Support legacy run/job index-based URLs and refactor migration 326#37008

Merged
lunny merged 23 commits intogo-gitea:mainfrom
Zettat123:fix-migration-326
Apr 3, 2026
Merged

Support legacy run/job index-based URLs and refactor migration 326#37008
lunny merged 23 commits intogo-gitea:mainfrom
Zettat123:fix-migration-326

Conversation

@Zettat123
Copy link
Copy Markdown
Contributor

@Zettat123 Zettat123 commented Mar 27, 2026

Follow up #36842

Migration 326 can be prohibitively slow on large instances because it scans and rewrites all commit status target URLs generated by Gitea Actions in the database. This PR refactors migration 326 to perform a partial update instead of rewriting every legacy target URL. The reason for this partial rewrite is that smaller legacy run/job indexes are the most likely to be ambiguous with run/job ID-based URLs during runtime resolution, so this change prioritizes that subset while avoiding the cost of rewriting all legacy records.

To preserve access to old links, this PR introduces resolveCurrentRunForView to handle both ID-based URLs and index-based URLs:

  • For job pages (/actions/runs/{run}/jobs/{job}), it first tries to confirm that the URL is ID-based. It does so by checking whether {job} can be treated as an existing job ID in the repository and whether that job belongs to {run}. If that match cannot be confirmed, it falls back to treating the URL as legacy run index + job index, resolves the corresponding run and job, and redirects to the correct ID-based URL.
    • When both ID-based and index-based interpretations are valid at the same time, the resolver prefers the ID-based interpretation by default. For example, if a repository contains one run-job pair (run_id=3, run_index=2, job_id=4), and also another run-job pair (run_id=1100, run_index=3, job_id=1200, job_index=4), then /actions/runs/3/jobs/4 is ambiguous. In that case, the resolver treats it as the ID-based URL by default and shows the page for run_id=3, job_id=4. Users can still explicitly force the legacy index-based interpretation with ?by_index=1, which would resolve the same URL to /actions/runs/1100/jobs/1200.
  • For run summary pages (/actions/runs/{run}), it uses a best-effort strategy: by default it first treats {run} as a run ID, and if no such run exists in the repository, it falls back to treating {run} as a legacy run index and redirects to the ID-based URL. Users can also explicitly force the legacy interpretation with ?by_index=1.
    • This summary-page compatibility is best-effort, not a strict ambiguity check. For example, if a repository contains two runs: runA (id=7, index=3) and runB (id=99, index=7), then /actions/runs/7 will resolve to runA by default, even though the old index-based URL originally referred to runB.
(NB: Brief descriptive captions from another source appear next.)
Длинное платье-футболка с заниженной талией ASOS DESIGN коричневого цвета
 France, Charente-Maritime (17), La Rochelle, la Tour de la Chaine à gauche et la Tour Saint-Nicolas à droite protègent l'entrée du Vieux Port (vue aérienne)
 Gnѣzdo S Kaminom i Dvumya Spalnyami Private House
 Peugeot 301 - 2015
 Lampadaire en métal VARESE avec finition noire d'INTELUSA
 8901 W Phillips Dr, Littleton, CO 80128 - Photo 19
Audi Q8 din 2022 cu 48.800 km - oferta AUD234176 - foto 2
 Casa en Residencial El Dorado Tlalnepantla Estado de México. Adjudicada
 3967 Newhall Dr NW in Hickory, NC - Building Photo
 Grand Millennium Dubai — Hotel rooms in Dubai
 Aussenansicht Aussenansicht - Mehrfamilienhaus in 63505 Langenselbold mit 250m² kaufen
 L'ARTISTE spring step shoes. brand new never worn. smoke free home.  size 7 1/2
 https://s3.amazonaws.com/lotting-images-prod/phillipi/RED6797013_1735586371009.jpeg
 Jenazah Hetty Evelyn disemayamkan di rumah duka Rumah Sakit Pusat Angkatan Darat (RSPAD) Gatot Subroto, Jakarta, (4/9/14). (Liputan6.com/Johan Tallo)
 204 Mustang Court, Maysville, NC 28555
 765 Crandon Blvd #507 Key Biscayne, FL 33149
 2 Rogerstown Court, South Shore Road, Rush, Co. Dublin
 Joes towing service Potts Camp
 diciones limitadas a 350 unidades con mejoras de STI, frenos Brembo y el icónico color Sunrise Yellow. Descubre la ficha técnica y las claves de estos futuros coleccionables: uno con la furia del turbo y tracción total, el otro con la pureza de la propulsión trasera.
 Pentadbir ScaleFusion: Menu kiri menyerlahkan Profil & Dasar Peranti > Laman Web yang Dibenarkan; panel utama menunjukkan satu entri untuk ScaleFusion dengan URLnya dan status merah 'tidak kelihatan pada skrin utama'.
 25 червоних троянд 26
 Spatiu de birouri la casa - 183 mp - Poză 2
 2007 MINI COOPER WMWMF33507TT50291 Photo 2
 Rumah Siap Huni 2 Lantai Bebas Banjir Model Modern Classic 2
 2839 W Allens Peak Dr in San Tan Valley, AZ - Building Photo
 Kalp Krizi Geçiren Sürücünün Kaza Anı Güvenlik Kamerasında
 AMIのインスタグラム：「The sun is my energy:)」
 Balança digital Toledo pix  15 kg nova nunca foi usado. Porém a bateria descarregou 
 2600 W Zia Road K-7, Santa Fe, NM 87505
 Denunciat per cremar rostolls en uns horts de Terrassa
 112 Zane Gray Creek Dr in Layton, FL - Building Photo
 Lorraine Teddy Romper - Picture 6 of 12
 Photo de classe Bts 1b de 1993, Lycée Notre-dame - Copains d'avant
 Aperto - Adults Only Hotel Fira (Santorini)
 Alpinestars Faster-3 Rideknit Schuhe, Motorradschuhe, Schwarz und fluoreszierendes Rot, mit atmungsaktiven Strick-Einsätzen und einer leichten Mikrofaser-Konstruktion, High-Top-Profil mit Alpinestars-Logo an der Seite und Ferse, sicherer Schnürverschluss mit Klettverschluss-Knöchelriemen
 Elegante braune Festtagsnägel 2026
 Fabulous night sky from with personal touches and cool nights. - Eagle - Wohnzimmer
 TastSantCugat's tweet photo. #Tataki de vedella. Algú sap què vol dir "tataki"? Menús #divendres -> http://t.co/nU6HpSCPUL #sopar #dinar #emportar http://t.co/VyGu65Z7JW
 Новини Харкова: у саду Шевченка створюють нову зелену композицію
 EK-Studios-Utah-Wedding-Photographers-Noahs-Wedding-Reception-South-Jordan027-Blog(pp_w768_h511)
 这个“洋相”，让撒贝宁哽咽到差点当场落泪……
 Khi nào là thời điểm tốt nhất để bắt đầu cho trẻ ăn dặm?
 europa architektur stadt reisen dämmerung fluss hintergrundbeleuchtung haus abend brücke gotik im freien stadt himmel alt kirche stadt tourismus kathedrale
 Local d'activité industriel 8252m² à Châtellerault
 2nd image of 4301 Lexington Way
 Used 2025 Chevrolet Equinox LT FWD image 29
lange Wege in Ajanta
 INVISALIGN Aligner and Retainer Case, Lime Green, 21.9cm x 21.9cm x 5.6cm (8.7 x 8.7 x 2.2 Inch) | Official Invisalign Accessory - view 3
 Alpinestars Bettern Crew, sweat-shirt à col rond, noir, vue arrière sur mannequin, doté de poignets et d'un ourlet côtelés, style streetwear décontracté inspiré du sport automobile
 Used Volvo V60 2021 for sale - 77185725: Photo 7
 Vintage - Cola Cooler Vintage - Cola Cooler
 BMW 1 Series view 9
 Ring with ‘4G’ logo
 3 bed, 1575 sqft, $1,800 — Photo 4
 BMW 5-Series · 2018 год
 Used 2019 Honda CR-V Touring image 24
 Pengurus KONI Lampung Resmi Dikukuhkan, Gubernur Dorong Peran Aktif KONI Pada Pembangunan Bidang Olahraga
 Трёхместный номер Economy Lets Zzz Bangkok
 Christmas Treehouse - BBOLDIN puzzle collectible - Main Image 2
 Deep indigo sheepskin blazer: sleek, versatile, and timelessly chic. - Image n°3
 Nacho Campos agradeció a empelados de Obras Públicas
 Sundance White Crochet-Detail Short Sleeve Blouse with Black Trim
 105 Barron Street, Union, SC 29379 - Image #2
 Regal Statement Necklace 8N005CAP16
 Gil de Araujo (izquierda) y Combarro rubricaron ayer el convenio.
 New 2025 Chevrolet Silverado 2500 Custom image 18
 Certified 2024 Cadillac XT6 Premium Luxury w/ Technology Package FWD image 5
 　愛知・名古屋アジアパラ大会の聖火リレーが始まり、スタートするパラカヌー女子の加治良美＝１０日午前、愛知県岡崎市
The table below shows how valid legacy index-based target URLs are handled before and after migration 326. Lower-range legacy URLs are rewritten to ID-based URLs, while higher-range legacy URLs remain unchanged in the database but are still handled correctly by resolveCurrentRunForView at runtime.

run_id run_index job_id job_index old target URL updated by migration 326 current target URL can be resolved correctly
3 2 4 1 /user2/repo2/actions/runs/2/jobs/1 true /user2/repo2/actions/runs/3/jobs/4 true
4 3 8 4 /user2/repo2/actions/runs/3/jobs/4 true /user2/repo2/actions/runs/4/jobs/8 true (without migration 326, this URL will resolve to run(id=3))
80 20 170 0 /user2/repo2/actions/runs/20/jobs/0 true /user2/repo2/actions/runs/80/jobs/170 true
1500 900 1600 0 /user2/repo2/actions/runs/900/jobs/0 false /user2/repo2/actions/runs/900/jobs/0 true
2400 1500 2600 0 /user2/repo2/actions/runs/1500/jobs/0 false /user2/repo2/actions/runs/1500/jobs/0 true
2400 1500 2601 1 /user2/repo2/actions/runs/1500/jobs/1 false /user2/repo2/actions/runs/1500/jobs/1 true

For users who already ran the old migration 326, this change has no functional impact. Their historical URLs are already stored in the ID-based form, and ID-based URLs continue to resolve correctly.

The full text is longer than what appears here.